Items listed in a dataset
########################################

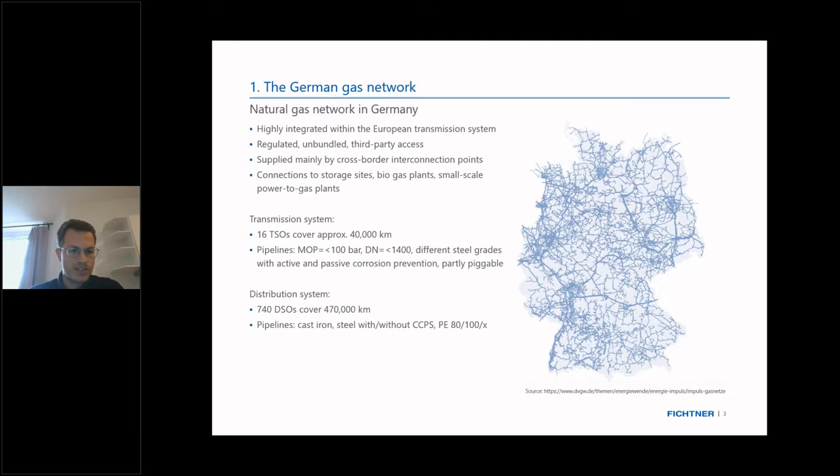The distribution system in total covers 470,000 kilometers. It is partly made of steel; very old parts are still made of cast iron, and the newer parts are often constructed of polyethylene components, which have a very long lifetime, are quite cheap, and also have good compatibility with hydrogen, but only for lower pressures.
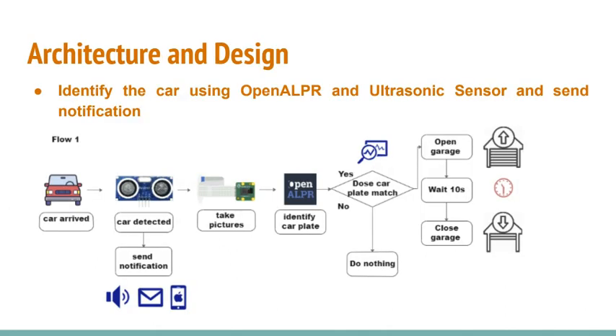Now let's talk about the architecture. Flow 1 is to identify the car using OpenALPR and an ultrasonic ranger sensor and then send notifications. We use the ultrasonic ranger sensor to detect the car, setting the distance threshold to 20 cm in our project.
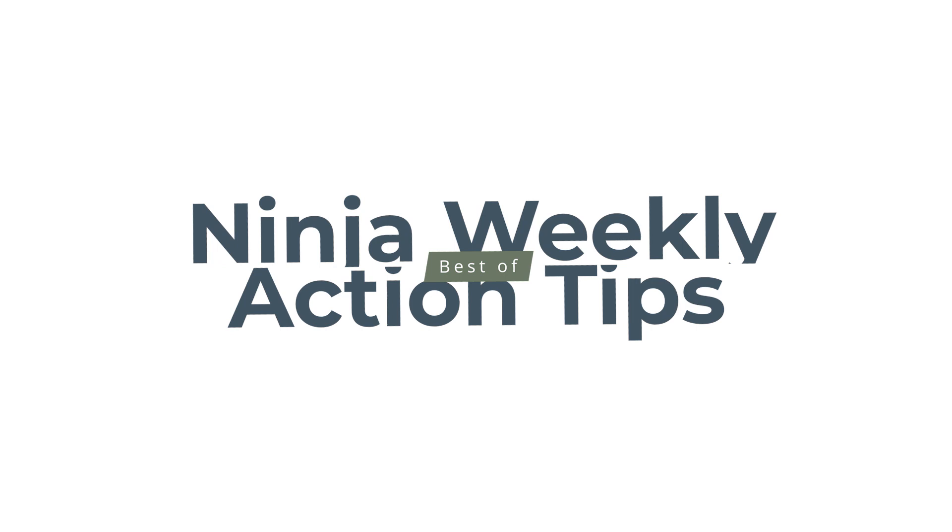We're in our countdown for the end of 2021 with our best weekly action tips best hits, and we're at hit number six. Hello ninjas, this is Larry Kendall, author of Ninja Selling. I'm here with your weekly ninja action tip.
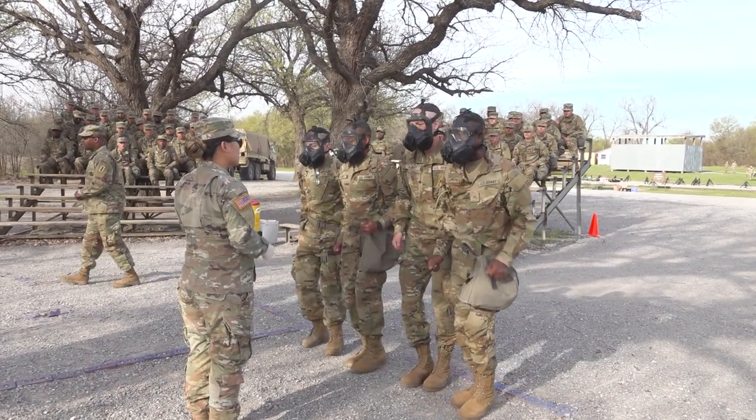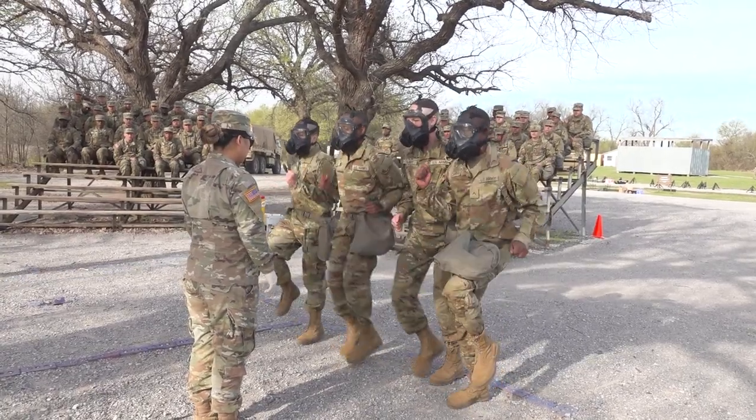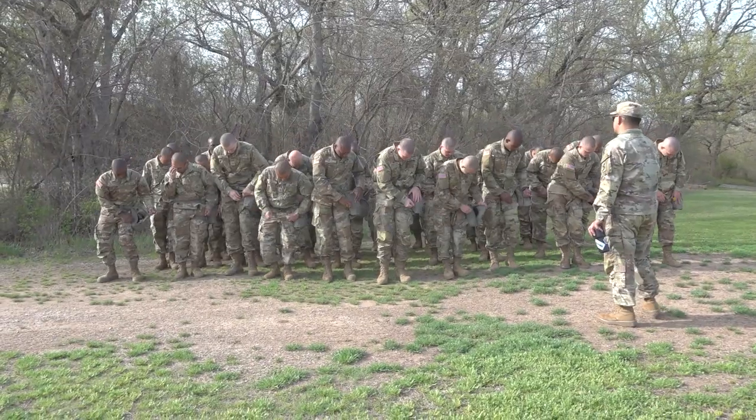CS gas is a substance used as a riot control agent. It is non-lethal and builds the trainees' confidence in their gear, with the understanding that the masks can save their lives.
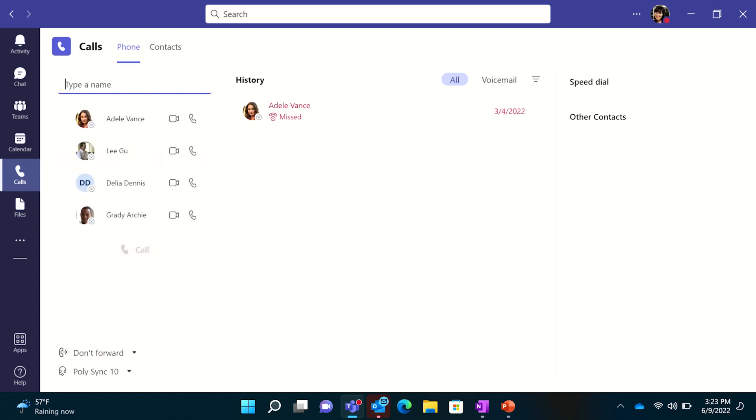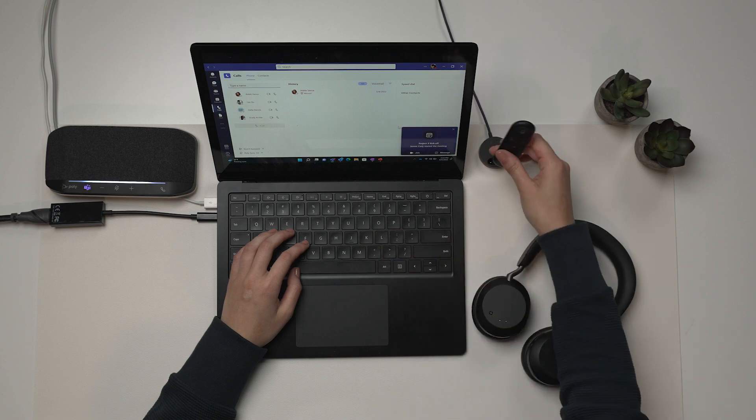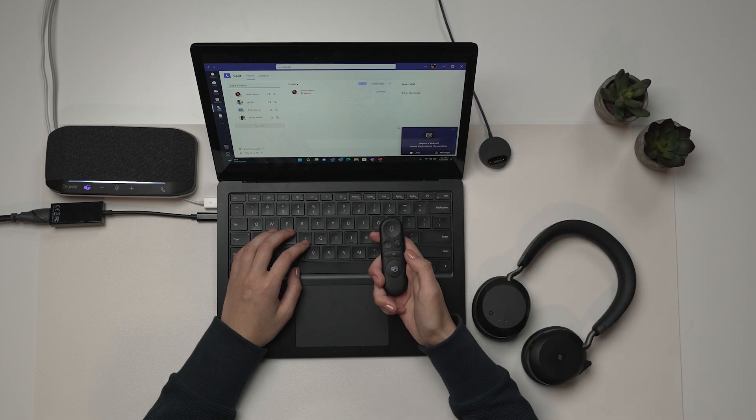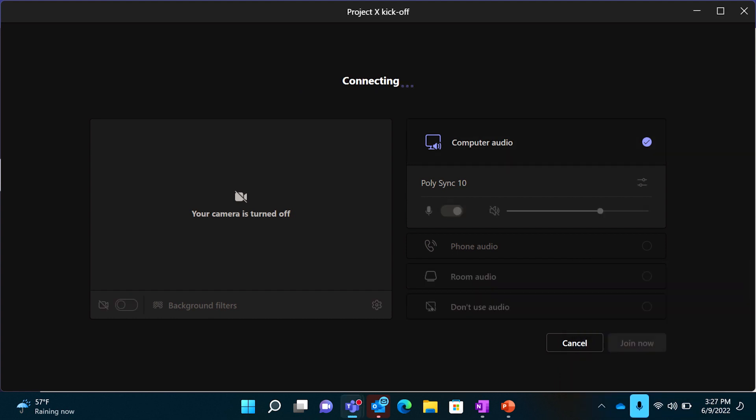Now let's say that you're about to join a Teams meeting. Whenever I receive a notification on Teams that my meeting has started, I can press the Teams button once and I'm immediately brought to my pre-join screen. I press the button again and I'm able to join my meeting and get to work.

########################################

- What the exercise asks
Here the job is to print all the data exactly, skipping any image.

- Output of the task
The distribution system in total covers 470,000 kilometers. It is partly made of steel; very old parts are still made of cast iron, and the newer parts are often constructed of polyethylene components, which have a very long lifetime, are quite cheap, and also have good compatibility with hydrogen, but only for lower pressures.
Now let's talk about the architecture. Flow 1 is to identify the car using OpenALPR and an ultrasonic ranger sensor and then send notifications. We use the ultrasonic ranger sensor to detect the car, setting the distance threshold to 20 cm in our project.
We're in our countdown for the end of 2021 with our best weekly action tips best hits, and we're at hit number six. Hello ninjas, this is Larry Kendall, author of Ninja Selling. I'm here with your weekly ninja action tip.
CS gas is a substance used as a riot control agent. It is non-lethal and builds the trainees' confidence in their gear, with the understanding that the masks can save their lives.
Now let's say that you're about to join a Teams meeting. Whenever I receive a notification on Teams that my meeting has started, I can press the Teams button once and I'm immediately brought to my pre-join screen. I press the button again and I'm able to join my meeting and get to work.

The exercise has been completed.